While I’m all for finding the silver lining and being positive, the fact is, this whole thing sucks.

It feels very “first world problems” to grieve the loss of being with friends that we voluntarily stopped seeing, but that’s our reality. My kids miss playdates and the park and the zoo and the museums. I miss taking them on fun outings and walks through Asheville. I hate that our state parks are closed and that we can’t use these gorgeous spring days to hike and to walk the gardens of Biltmore. I hate that we can’t go get ice cream or meander down Main Street during Saturday Morning Market. I’m sad that we can’t take them to see the ducks in Falls Park or go with friends to the Swamp Rabbit Cafe for pizza.

I’m grieving things that seem too privileged to grieve, yet here we are. The extreme privilege of being born into a loving, two parent family in the US is not lost on me. Owning my own home that has a fenced-in backyard where I live with my loving husband and two children is not lost on me. But yet, I grieve what we’ve lost.
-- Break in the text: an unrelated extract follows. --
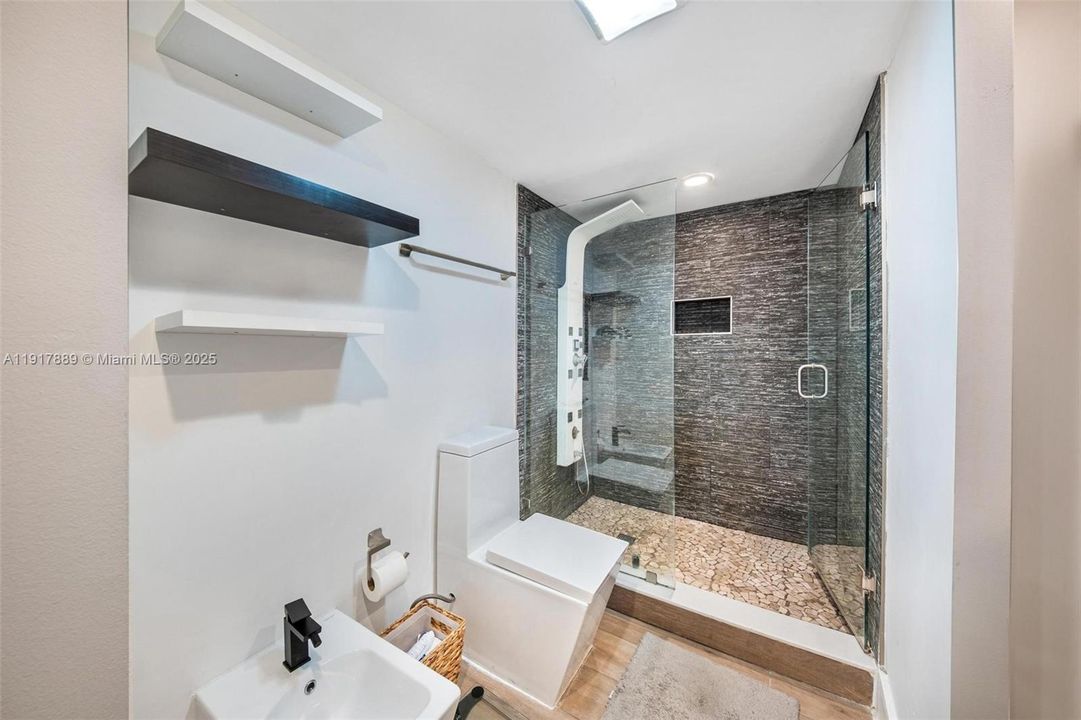 For Rent: $4,500 (1 beds, 2 baths, 1117 Square Feet)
I’m just here today to say that yes, we are privileged. And yes, it’s ok to grieve what we’ve lost. The two can coexist. We can live in air conditioned houses and sleep in bedrooms with doors that close and blackout curtains and still feel exhausted each morning from the loads we’ve suddenly been handed.

I just want to leave you with three things:

1) It’s ok to grieve what we’ve lost. Change is change, sadness is sadness, grief is grief. There’s no shame in feeling loss, even if our loss doesn’t seem the same as other people’s loss.

2) “Are you tired? Worn out? Burned out on religion? Come to me. Get away with me and you’ll recover your life. I’ll show you how to take a real rest. Walk with me and work with me—watch how I do it. Learn the unforced rhythms of grace. I won’t lay anything heavy or ill-fitting on you. Keep company with me and you’ll learn to live freely and lightly.” Matthew 11:28-30, The Message 

3) It’s important to look up from our grief and find new rhythms. Not more productivity, not a new work out, but new rhythms. Taking an extra 20 minutes to savor that cup of coffee in the morning while the kids play with chalk outside or draw at the table, taking a nap each day at noon, going to bed early, picking up that book you’ve been wanting to read, these are new rhythms that can be folded into our lives gently and without demands. My hope is that this time of grief won’t sink us into depression, rather, that it will spur us on to new, slow, thoughtful ways of living that heal our minds, bodies, and souls.